Fame Studios founder launched career of Aretha Franklin, published and recorded numerous R&B, pop and country songs
Legendary record producer and Fame studio owner Rick Hall, the man regarded as the “Father of Muscle Shoals Music,” died early Tuesday morning, according to the Alabama Music Hall of Fame. Reportedly in declining health in recent months, Hall was 85.
Hall’s Grammy-winning production touched nearly every genre of popular music from country to R&B, and his Fame Studio and publishing company were a breeding ground for future legends in the worlds of songwriting and session work, as well as a recording home to some of the greatest musicians and recording artists of all time, including Aretha Franklin, Etta James, Wilson Pickett and many more. To date, the studio and its publishing company have been responsible for an estimated 350 million record sales, with songs by everyone from the Beatles to GeorgeStrait.
Raised by his father after his mother abandoned Hall and his younger sister, Hall played several instruments including guitar, fiddle and mandolin, and performed in a number of musical groups. After helping to license the Percy Sledge tune “When a Man Loves a Woman” in 1966, Hall co-founded Fame Publishing in 1959 with Tom Stafford and future Tammy Wynette and George Jones producer-songwriter Billy Sherrill. The company scored early cuts with tunes by Brenda Lee, Roy Orbison and pop star Tommy Roe, and Hall soon took sole ownership of Fame, which was an acronym for Florence Alabama Music Enterprises. In 1961, he produced the first gold record in Muscle Shoals history with Arthur Alexander’s “You Better Move On,” later cut by the Rolling Stones and an influence on the early work of the Beatles. “We were trying to get that bass sound Arthur Alexander was getting in Muscle Shoals, we love his records,” John Lennon would say, according to the official Fame website. The studio’s first rhythm section, in fact, included bass player Norbert Putnam, an Alabama native who would go on to become one of Nashville’s most respected producers in his own right.
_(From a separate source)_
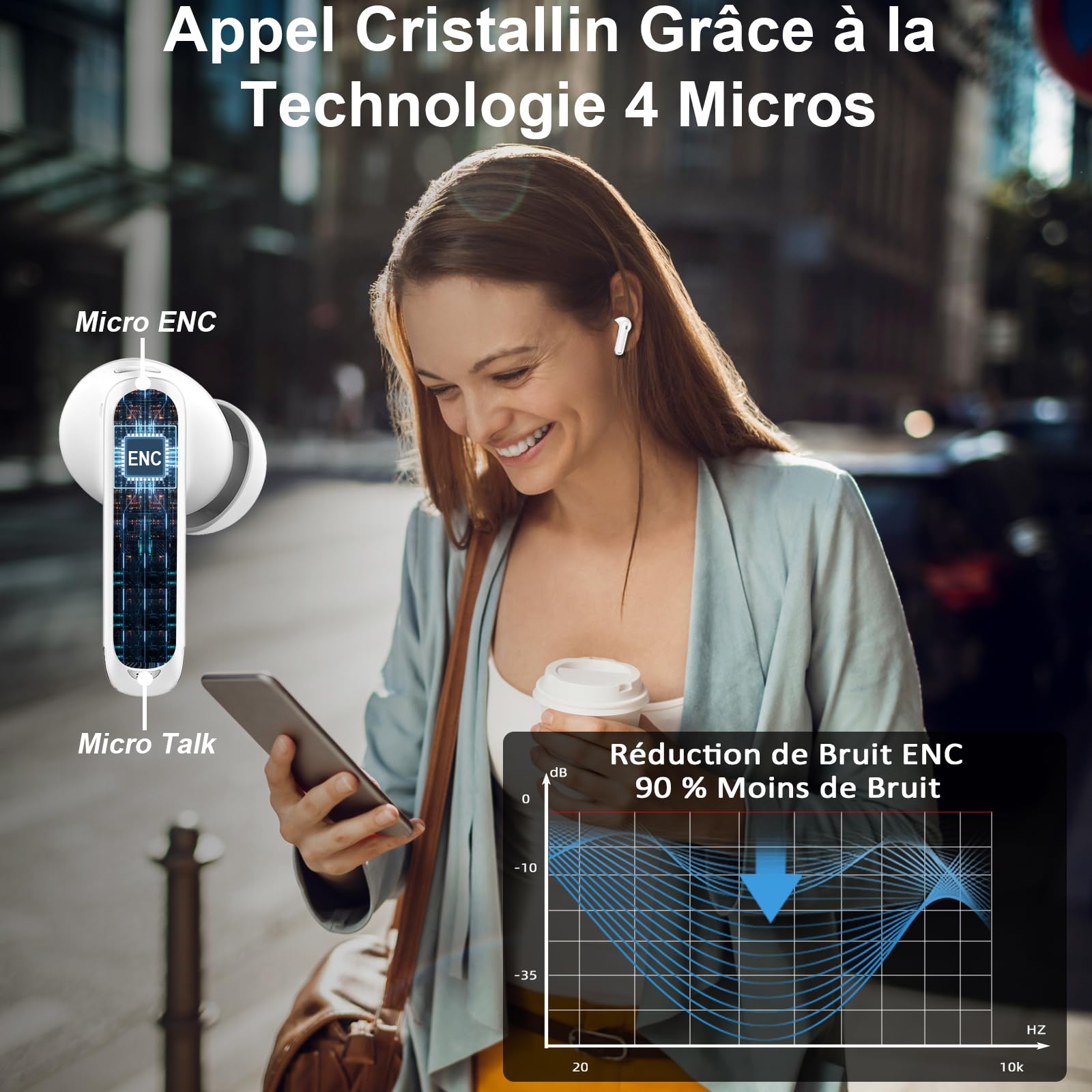 Casque Bluetooth, écouteurs sans fil ENC 4 microphones, 48h lecture, étanche pour Android/iOS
Muscle Shoals’ “Swampers,” the studio’s second house rhythm section who were immortalized in Lynyrd Skynyrd’s “Sweet Home Alabama,” would leave Fame to form their own studio in 1969, but the ensuing decade would see Hall inking a deal with Capitol Records to distribute Fame Records, as well as working with producer Mike Curb, who brought future teen idols the Osmonds and their teenaged sister, Marie, to the studio to record. Others who scored major hits throughout the decade included country-pop crossover artist Mac Davis and songwriter Paul Anka. Terri Gibbs, the CMA’s first-ever Horizon Award (now Best New Artist) winner, recorded at Fame and, in 1981, the publishing company scored a major hit with Ronnie Milsap’s pop-country smash “(There’s) No Getting’ Over Me.”
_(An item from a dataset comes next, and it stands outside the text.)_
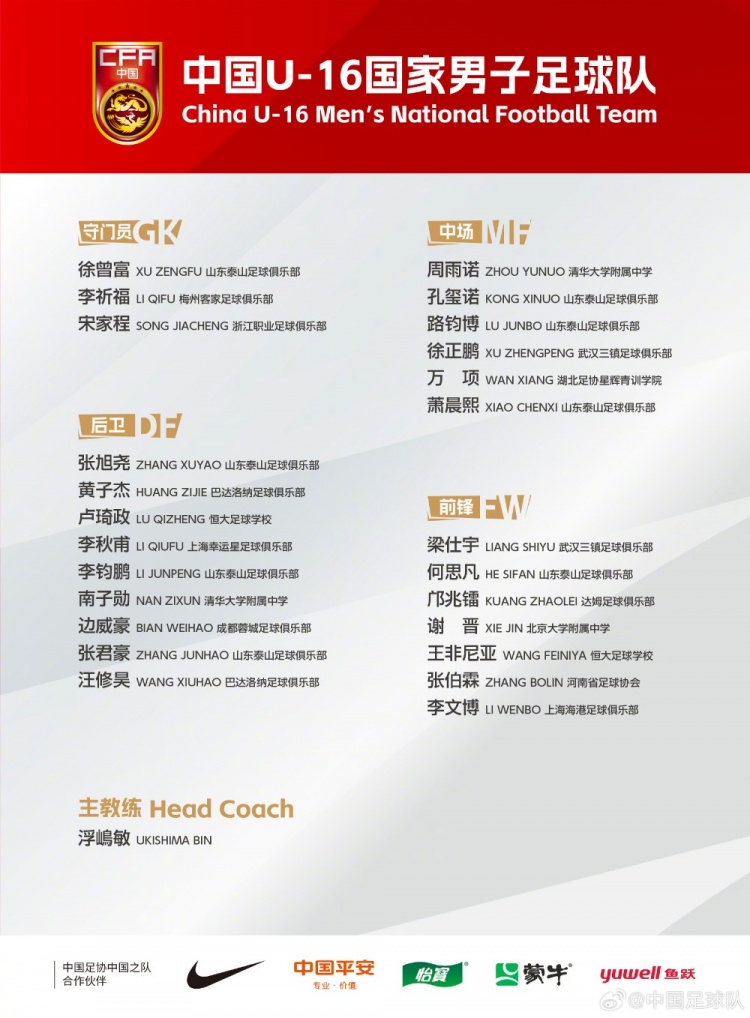 U16國(guó)足集訓(xùn)名單：梁仕宇、萬項(xiàng)、鄺兆鐳在列，泰山8人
Other artists who more recently recorded at Fame include Gregg Allman, who cut his final album, Southern Blood, at the studio, Drive-By Truckers and Jason Isbell. In a Twitter post, Isbell wrote: “Rick Hall and his family gave me my first job in the music business, and nobody in the industry ever worked harder than Rick. Nobody. American music wouldn’t be the same without his contributions. His death is a huge loss to those of us who knew him and those who didn’t.”
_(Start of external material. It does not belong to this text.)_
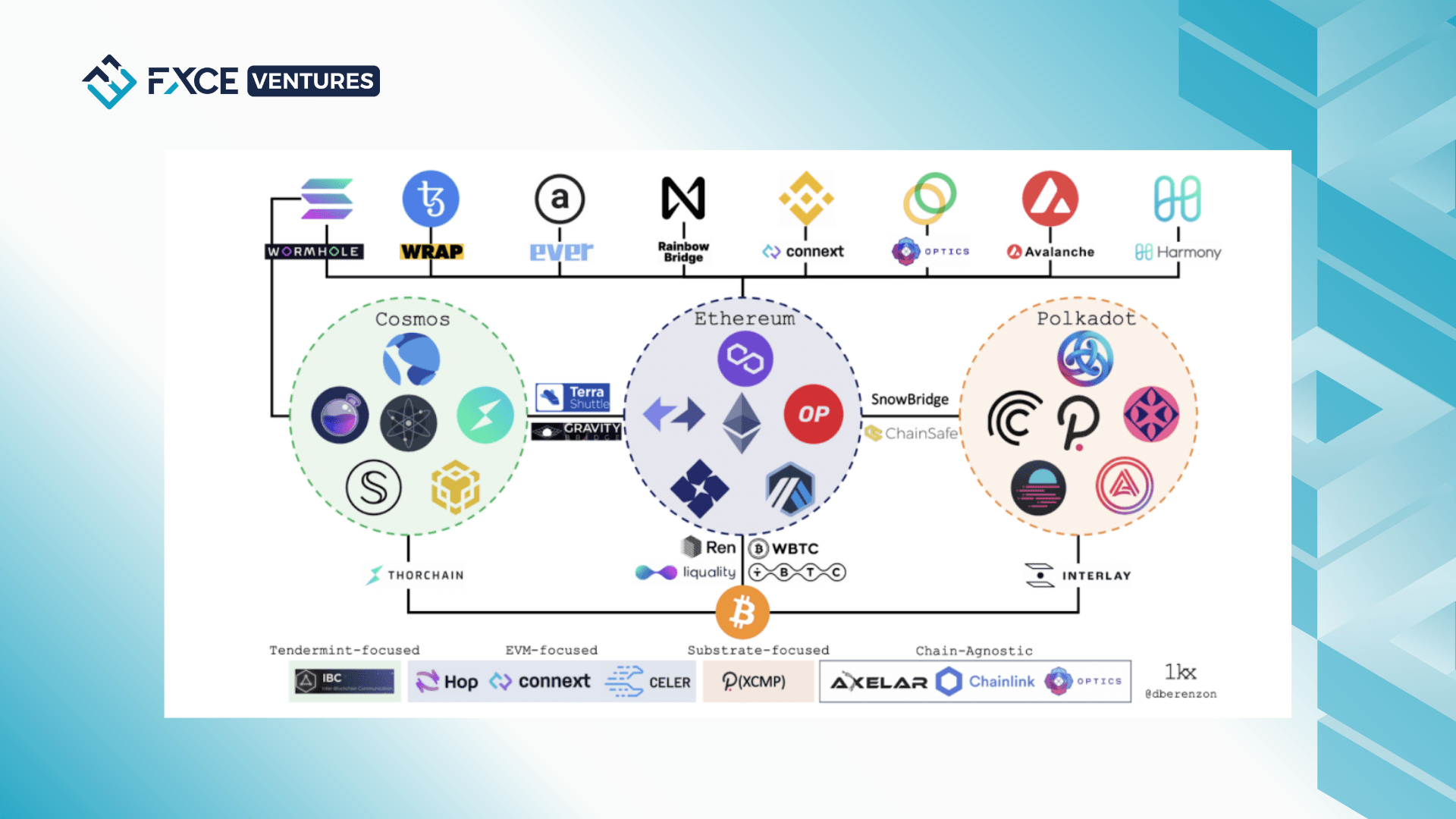 Bối cảnh Blockchain Bridge hiện nay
Rick Hall was inducted into the Alabama Music Hall of Fame in 1985. In 2013, he was featured in the acclaimed documentary Muscle Shoals, and in 2014 received a Grammy Trustees Award for his “significant contribution to the field of recording.” In 2015, he published the memoir The Man from Muscle Shoals: My Journey from Shame to Fame. He is survived by his wife, Linda, and three sons, Rick Jr., Mark and Rodney.